## What to work on
Give back every line of the material exactly. Skip the pictures.
____ Information shown
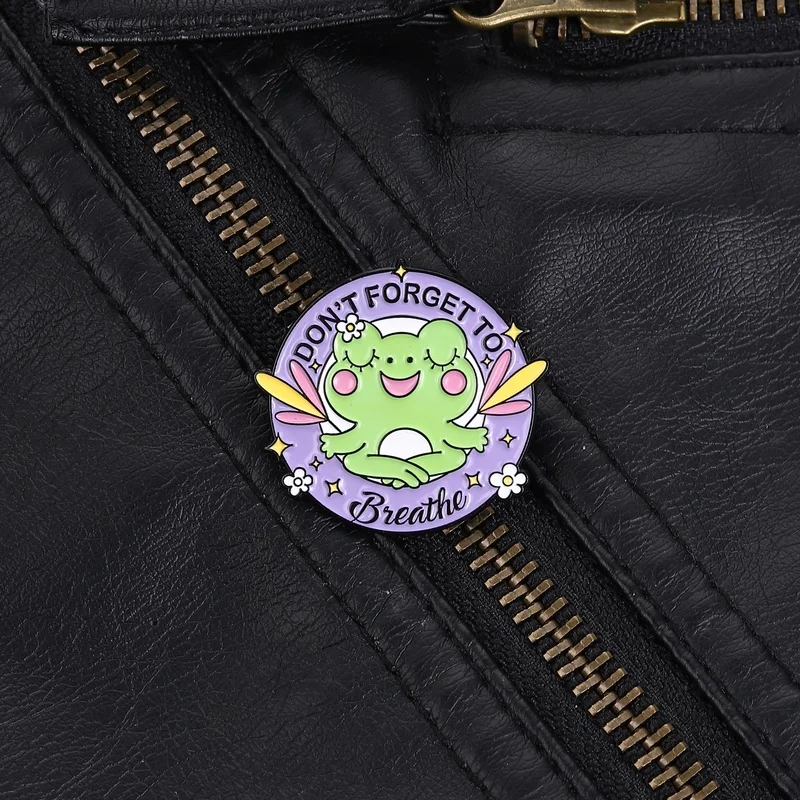 Breathe Reminder Pin Relaxing Frog in Lotus Pose Brooch with Star Daisy Design Accessory for Daily Wear Whimsical Healing Gift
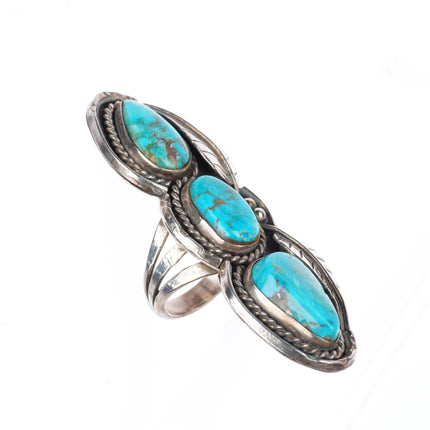 sz7.75 long vintage Navajo sterling silver 3 high grade turquoise stone ring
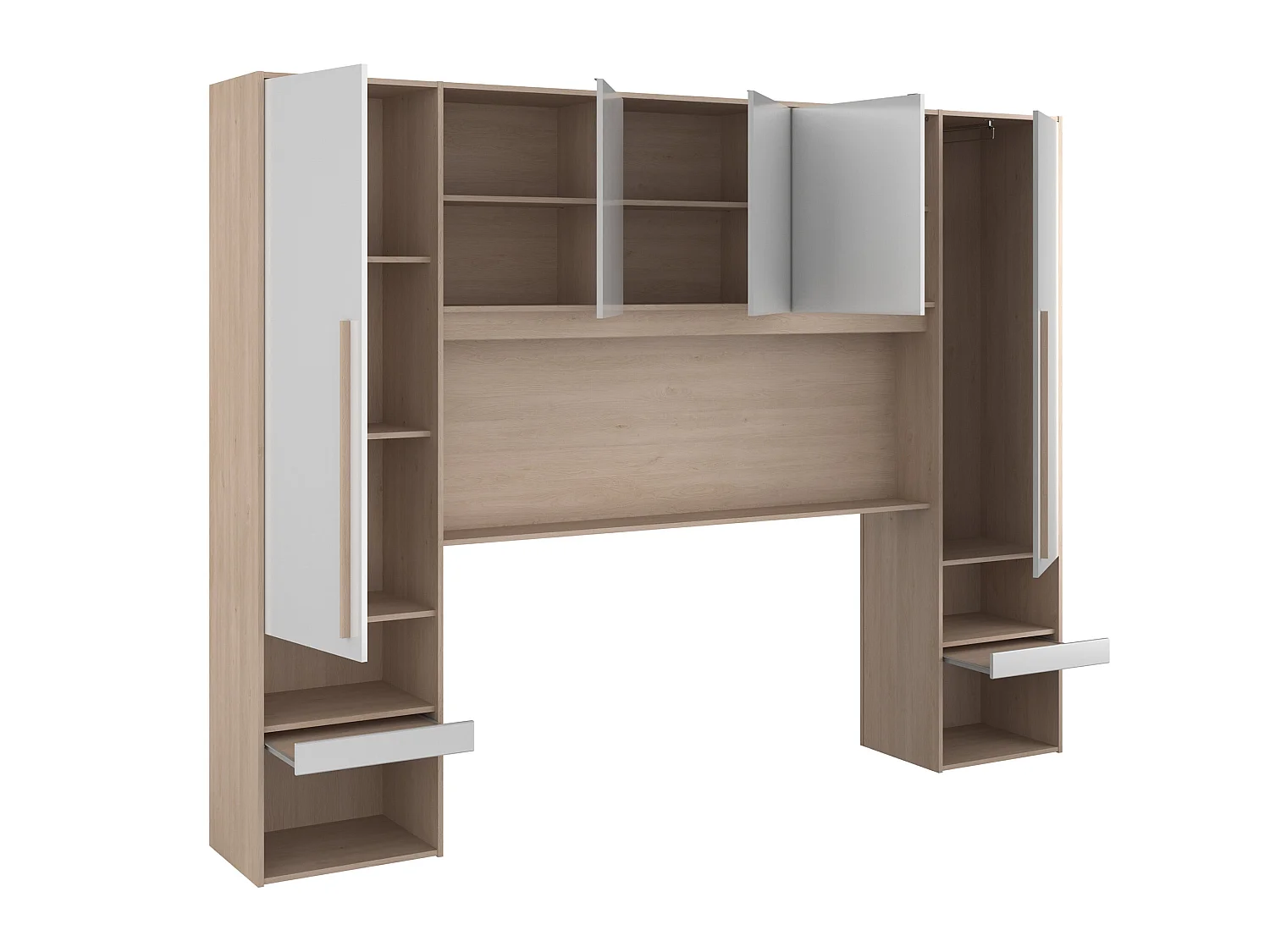 Pont de lit avec rangements - Avec LEDs - L265 cm - Coloris : Blanc brillant et naturel - VELONA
________
## Response below
 Breathe Reminder Pin Relaxing Frog in Lotus Pose Brooch with Star Daisy Design Accessory for Daily Wear Whimsical Healing Gift
 sz7.75 long vintage Navajo sterling silver 3 high grade turquoise stone ring
 Pont de lit avec rangements - Avec LEDs - L265 cm - Coloris : Blanc brillant et naturel - VELONA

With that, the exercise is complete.